Cosa ne dobbiamo concludere?
E’ semplice: la legge dice che “gli adattamenti del calendario scolastico sono stabiliti dalle istituzioni scolastiche”, senza alcun altro intervento successivo in merito, che infatti la norma non prevede. Quanto al “rispetto delle funzioni esercitate dalle Regioni”, la sua portata è evidente dal rinvio alle norme che ho citato; ovviamente la delibera delle scuole non può incidere sulla durata complessiva delle attività didattiche, che può variare da Regione a Regione, per un totale comunque superiore ai 200 giorni. Perché, se tale rispetto dovesse intendersi esteso anche alle “date di inizio e conclusione delle lezioni”, semplicemente verrebbe meno il “potere di adattamento” che la stessa norma attribuisce alle scuole.
Quindi le scuole sono libere di adattare il calendario come ritengono?
Certamente, lo dice la legge. Inoltro, a meno che la delibera della scuola non intacchi la durata complessiva delle attività didattiche, la cui misura è rimessa alle decisioni delle singole Regioni, essa non è soggetta ad approvazione, né – tanto meno – a rifiuto di approvazione.
Insomma lei ritiene che la Regione non abbia titolo ad intervenire…
Esattamente, l’intervento della Regione Lazio presuppone la titolarità di un “potere di vigilanza sulla legittimità” che in nessun caso appartiene alla Regione, ma – se mai – all’Ufficio Scolastico Regionale. Le scuole non hanno alcun vincolo gerarchico rispetto all’Ente Regione: pretendere di istituirlo per via amministrativa, in dispregio della legge, aggiunge all’errore principale un ulteriore vizio, quello ben noto di “difetto di competenza”, che travolge tutti gli atti amministrativi che ne sono affetti.

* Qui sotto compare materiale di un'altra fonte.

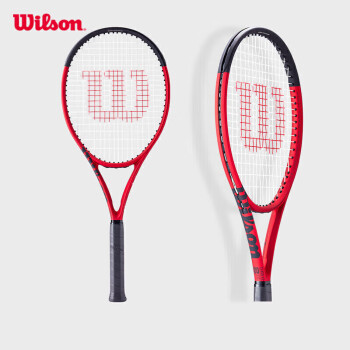 Wilson威尔胜成人科技专业拍网球拍 CLASH系列WR074011U1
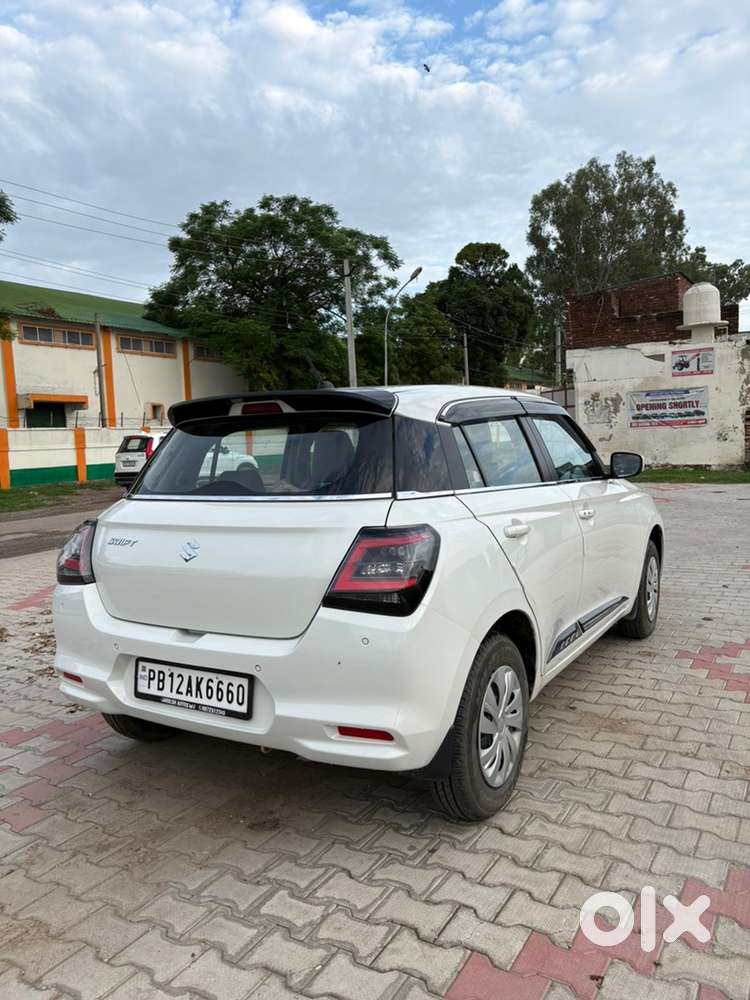 Swift Maruti Suzuki 2025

Ciò significa che la sua Associazione potrebbe impugnare le decisioni della Regione?
Non è nostro intendimento aprire un conflitto giurisdizionale con la Regione, con cui da sempre intendiamo invece collaborare in ogni modo possibile. Ma della collaborazione fa parte anche la chiarezza e la distinzione dei ruoli: anche a costo di dovere, di tanto in tanto, assumere l’onere di un richiamo alle fonti. Nell’interesse di tutti.